What would Jack Straw have said about dropping bombs on
Iraq? - No, not the Foreign Secretary but the Hedgerow Priest executed
for being an instigator of
the Peasants’ Revolt
Keswick's Theatre by the Lake was packed to the rafters when he visited last
week to provide a commentary on "Writing on the Wall", words that
dissenters had spoken, from the days of the priest who took Christ’s words
too literally for the authorities of his time, to a soldier who refused to
fight in the Gulf war, in their courageous, and often doomed, defence of
human rights against the power of oppression. The songs of Roy Bailey, a
folk singer with one of the world's finest voices and worst memories, made
those inspiring words live on in music and touched the hearts of everyone in
the theatre.
However they were unaware that they had missed an opportunity to get
involved in conversation with the true campaigner, himself a master of
dissent. Earlier the same day Mark Urban had been called away from his
afternoon slot by BBC duties, and Tony Benn had been asked at short notice
to fill in for an hour. Unscripted but not unprepared, telling it how it is
with no excuses or apologies, he had plenty to say about the party he had
joined in 1942. "Being an MP is unique: it’s the only job where there is
one employee and 60,000 employers and that’s what forces MPs to listen."

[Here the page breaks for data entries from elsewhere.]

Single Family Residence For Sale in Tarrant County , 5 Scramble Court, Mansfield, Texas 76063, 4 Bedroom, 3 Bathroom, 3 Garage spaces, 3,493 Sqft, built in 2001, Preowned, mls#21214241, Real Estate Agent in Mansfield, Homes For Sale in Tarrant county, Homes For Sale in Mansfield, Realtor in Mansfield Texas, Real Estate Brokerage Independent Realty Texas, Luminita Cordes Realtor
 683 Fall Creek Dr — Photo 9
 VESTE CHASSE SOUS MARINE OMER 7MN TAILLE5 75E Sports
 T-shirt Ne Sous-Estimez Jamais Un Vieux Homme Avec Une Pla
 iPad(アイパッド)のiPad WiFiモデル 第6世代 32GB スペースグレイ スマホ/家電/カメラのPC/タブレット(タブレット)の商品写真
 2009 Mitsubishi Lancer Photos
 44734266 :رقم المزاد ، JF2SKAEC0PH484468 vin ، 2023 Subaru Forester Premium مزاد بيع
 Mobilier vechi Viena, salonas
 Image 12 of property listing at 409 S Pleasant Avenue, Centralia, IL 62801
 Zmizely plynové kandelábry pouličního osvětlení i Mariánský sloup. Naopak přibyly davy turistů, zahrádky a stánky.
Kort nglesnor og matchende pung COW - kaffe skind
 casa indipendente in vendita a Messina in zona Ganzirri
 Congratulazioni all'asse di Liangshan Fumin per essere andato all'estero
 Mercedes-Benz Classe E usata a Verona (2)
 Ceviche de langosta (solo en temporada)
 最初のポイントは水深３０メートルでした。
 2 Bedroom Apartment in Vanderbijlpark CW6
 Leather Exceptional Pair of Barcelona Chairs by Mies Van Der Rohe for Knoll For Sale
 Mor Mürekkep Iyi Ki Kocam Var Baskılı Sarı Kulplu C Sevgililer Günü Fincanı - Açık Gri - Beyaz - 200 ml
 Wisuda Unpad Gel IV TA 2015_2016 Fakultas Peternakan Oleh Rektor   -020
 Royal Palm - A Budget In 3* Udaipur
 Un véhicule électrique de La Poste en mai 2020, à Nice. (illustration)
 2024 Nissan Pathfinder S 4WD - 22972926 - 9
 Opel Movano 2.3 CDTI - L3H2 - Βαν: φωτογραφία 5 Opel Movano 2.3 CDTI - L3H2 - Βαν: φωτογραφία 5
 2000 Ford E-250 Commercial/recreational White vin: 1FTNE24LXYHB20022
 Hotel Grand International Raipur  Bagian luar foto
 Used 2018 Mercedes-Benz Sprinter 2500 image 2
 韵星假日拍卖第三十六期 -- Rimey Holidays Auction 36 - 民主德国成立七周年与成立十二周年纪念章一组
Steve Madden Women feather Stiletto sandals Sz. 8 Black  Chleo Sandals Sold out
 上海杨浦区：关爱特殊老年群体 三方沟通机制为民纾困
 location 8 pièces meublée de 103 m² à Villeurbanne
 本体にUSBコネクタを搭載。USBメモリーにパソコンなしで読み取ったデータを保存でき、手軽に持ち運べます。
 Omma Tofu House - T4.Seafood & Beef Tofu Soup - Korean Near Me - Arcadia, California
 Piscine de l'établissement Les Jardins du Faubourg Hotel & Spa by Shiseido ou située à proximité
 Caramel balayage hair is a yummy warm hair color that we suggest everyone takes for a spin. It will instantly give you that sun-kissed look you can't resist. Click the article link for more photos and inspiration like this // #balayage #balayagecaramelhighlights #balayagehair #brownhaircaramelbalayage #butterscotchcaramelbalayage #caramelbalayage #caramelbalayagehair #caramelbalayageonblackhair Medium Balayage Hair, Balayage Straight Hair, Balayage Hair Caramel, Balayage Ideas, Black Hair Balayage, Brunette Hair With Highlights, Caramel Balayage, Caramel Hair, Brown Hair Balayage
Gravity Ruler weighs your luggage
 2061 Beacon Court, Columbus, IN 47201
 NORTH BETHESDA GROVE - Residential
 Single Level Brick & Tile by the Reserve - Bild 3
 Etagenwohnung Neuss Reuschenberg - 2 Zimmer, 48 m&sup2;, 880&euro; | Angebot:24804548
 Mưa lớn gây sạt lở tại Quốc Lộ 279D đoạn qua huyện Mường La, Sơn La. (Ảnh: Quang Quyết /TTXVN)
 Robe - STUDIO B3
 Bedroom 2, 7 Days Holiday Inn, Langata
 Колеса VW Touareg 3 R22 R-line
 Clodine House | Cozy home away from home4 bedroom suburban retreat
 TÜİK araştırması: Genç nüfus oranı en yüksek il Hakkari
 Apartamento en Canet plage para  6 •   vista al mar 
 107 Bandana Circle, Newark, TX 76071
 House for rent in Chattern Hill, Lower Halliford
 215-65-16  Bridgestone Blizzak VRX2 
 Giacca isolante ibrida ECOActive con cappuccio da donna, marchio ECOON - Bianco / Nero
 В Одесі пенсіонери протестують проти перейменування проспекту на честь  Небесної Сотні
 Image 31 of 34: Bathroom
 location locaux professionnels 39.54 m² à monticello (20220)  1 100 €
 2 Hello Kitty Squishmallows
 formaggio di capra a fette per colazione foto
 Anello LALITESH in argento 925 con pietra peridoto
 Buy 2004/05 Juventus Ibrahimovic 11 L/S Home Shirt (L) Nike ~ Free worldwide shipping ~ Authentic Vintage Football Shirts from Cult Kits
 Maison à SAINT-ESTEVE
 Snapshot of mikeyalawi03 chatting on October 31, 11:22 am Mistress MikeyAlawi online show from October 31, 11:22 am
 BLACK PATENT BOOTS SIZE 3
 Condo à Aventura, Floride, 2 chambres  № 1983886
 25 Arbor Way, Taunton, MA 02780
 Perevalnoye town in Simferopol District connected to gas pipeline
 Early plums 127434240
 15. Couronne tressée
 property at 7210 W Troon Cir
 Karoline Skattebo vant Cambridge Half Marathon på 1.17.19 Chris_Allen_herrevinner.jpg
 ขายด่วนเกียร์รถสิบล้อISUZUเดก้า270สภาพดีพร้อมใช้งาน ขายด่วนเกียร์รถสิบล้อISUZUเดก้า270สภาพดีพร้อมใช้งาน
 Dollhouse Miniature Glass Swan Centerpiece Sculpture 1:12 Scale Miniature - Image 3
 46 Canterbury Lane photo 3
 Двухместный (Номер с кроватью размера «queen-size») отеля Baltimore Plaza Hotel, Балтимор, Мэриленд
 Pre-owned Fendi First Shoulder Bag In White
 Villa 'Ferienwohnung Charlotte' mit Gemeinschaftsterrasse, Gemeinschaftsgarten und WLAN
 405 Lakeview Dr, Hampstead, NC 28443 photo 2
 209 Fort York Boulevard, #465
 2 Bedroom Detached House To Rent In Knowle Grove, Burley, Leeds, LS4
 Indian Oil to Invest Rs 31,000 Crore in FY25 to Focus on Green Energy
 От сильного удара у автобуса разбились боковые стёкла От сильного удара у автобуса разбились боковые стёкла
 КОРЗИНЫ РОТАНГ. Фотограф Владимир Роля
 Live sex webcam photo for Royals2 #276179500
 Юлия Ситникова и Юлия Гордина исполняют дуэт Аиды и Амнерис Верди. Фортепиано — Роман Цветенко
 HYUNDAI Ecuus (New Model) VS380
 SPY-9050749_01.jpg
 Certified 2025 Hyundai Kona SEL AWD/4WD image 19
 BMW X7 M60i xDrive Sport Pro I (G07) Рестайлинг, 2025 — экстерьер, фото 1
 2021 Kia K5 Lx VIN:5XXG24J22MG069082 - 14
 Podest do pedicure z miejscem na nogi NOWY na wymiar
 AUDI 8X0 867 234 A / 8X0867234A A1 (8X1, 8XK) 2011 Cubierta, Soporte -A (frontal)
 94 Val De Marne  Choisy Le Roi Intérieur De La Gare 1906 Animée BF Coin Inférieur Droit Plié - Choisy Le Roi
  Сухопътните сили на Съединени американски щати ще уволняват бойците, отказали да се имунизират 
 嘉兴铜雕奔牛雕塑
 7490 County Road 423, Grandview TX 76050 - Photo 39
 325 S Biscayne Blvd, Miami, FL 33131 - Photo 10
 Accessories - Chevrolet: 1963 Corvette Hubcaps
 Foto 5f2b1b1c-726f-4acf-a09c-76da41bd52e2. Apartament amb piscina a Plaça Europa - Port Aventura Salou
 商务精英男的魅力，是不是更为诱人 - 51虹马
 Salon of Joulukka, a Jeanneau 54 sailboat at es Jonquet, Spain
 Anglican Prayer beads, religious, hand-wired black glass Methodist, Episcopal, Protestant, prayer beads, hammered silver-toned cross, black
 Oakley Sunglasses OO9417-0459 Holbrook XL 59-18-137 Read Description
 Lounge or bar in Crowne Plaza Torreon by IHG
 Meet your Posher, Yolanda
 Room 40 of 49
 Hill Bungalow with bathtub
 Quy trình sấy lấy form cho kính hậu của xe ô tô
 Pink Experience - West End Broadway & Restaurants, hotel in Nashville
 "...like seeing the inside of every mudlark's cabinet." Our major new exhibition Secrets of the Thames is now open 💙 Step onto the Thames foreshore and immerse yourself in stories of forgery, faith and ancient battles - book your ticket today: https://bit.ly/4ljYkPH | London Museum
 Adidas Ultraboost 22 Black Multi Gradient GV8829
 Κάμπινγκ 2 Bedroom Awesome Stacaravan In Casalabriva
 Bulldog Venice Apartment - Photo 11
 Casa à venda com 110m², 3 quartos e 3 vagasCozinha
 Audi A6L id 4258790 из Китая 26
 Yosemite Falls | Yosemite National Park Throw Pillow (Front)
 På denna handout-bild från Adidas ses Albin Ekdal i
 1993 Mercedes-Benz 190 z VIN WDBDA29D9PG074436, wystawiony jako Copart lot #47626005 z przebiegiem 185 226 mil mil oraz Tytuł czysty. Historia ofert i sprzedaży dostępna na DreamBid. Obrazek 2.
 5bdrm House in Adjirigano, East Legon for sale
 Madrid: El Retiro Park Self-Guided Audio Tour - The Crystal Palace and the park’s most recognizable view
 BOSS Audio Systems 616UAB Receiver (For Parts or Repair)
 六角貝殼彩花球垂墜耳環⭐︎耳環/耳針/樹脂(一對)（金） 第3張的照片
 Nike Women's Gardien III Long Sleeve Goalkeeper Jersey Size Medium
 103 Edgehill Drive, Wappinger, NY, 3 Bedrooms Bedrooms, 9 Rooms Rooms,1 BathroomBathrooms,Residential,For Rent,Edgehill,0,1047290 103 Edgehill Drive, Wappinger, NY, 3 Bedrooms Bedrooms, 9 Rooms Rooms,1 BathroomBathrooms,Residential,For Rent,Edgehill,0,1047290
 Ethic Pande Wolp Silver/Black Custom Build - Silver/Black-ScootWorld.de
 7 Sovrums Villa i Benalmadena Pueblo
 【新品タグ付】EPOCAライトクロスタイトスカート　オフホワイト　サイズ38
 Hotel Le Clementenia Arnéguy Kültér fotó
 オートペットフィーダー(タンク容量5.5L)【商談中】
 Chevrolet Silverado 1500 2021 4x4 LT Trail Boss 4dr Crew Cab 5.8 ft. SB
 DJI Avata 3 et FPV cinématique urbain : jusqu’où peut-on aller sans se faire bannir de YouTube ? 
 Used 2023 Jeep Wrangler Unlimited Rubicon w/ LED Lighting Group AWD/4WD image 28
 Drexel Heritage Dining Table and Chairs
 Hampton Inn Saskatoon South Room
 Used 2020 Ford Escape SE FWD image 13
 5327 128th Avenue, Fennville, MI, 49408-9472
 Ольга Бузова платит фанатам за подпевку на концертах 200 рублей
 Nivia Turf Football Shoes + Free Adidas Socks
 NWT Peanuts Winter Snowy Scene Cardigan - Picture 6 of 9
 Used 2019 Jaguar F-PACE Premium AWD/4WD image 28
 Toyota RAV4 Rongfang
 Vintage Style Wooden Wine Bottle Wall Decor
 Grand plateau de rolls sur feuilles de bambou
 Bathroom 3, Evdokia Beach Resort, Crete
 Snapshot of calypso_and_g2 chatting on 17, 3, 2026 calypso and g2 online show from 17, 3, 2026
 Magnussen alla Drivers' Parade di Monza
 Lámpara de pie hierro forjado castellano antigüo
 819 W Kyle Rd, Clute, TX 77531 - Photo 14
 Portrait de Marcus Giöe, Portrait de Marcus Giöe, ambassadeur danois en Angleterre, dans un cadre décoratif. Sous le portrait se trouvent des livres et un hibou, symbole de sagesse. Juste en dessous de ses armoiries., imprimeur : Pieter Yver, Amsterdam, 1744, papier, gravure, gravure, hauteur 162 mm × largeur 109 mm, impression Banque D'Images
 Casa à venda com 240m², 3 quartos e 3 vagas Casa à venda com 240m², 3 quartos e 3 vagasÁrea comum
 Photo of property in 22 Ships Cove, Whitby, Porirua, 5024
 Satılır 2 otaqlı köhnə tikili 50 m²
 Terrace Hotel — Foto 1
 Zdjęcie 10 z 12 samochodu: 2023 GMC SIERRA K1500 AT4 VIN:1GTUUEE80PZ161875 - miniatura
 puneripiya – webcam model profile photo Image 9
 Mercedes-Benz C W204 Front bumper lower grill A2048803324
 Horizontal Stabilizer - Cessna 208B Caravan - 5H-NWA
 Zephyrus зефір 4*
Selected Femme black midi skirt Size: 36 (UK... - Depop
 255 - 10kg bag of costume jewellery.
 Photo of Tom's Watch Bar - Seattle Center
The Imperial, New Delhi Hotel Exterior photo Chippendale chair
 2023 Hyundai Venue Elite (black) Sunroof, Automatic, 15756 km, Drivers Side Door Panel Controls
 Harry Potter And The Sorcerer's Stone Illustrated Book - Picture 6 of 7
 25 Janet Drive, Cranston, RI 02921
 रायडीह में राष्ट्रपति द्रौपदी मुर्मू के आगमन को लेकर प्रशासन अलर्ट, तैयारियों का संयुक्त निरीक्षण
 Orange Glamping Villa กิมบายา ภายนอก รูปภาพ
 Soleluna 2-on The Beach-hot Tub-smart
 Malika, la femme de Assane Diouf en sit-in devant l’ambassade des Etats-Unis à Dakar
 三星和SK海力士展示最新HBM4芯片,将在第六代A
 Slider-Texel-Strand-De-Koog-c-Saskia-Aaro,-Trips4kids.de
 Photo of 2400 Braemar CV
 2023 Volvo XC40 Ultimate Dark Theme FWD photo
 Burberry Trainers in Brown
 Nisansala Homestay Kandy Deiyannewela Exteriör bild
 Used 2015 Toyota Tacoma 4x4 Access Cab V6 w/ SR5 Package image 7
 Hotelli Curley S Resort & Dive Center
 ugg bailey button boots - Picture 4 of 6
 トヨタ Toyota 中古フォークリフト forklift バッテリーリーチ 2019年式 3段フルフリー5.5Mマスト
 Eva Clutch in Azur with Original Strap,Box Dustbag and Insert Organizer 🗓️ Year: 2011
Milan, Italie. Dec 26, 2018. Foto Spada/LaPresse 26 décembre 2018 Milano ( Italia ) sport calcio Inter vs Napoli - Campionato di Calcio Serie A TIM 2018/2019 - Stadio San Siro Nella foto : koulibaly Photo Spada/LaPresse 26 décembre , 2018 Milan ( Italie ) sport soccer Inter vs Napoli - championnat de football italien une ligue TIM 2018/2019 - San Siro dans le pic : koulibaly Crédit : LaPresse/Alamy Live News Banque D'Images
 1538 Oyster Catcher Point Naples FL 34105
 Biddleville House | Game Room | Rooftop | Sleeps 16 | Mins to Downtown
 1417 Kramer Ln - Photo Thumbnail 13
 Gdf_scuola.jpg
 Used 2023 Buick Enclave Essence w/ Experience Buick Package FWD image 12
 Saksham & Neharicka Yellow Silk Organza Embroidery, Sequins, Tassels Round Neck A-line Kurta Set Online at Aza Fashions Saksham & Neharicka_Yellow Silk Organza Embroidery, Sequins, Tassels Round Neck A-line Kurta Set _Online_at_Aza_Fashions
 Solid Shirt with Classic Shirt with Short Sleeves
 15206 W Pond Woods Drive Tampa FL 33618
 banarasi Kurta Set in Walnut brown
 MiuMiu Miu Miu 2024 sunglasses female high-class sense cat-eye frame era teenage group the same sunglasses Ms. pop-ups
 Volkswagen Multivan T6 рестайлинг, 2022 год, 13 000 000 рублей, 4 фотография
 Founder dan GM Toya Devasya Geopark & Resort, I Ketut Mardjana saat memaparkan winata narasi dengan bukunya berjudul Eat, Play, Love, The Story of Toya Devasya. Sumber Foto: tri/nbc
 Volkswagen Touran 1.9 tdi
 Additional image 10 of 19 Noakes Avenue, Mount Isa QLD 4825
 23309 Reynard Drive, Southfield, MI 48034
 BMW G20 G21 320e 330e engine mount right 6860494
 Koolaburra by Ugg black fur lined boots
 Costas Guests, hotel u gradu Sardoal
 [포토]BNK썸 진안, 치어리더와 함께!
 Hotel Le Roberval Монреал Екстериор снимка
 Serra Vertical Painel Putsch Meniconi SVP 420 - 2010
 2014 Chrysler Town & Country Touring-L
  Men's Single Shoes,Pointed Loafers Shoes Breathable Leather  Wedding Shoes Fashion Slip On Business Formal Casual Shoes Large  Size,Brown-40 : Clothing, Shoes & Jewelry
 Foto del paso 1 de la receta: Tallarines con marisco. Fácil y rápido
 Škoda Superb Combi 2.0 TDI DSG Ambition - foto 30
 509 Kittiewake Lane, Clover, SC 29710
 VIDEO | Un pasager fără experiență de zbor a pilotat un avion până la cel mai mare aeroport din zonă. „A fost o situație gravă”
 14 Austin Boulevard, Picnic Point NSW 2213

And that’s what he has learned most from over fifty years of being a
consistent campaigner for justice, freedom and equality - listening to
ordinary people with everyday problems, people who want their views to count
for something, their voice to be heard and to feel "represented not
managed" by politicians. People who are against war in Iraq or Iran, who
want their public services, schools and the NHS to remain publicly funded,
not privatised, students and pensioners to be properly provided for, the
weak and the vulnerable to be protected.
Once vilified by the media and members of his own party and labelled a
looney lefty, he now represents the majority of public opinion and that
appears to be to the left of the Labour Party. His principles haven’t
changed in over fifty years of politics and in an age of sleaze and
mistrust, he stands out as someone who just tells it like it is. We might
not agree with everything he stands for and he admits he's been wrong on
issues in the past. But he is right in telling us that the Labour Party was
created for and still belongs to the people. We should be prepared to fight
from within it for social justice. He is proud of its achievements in
lifting millions of families out of poverty, with irreversible reforms like
the minimum wage, but unlike other pussy cats from the left, Benn roars
dissent from inside the Labour Party.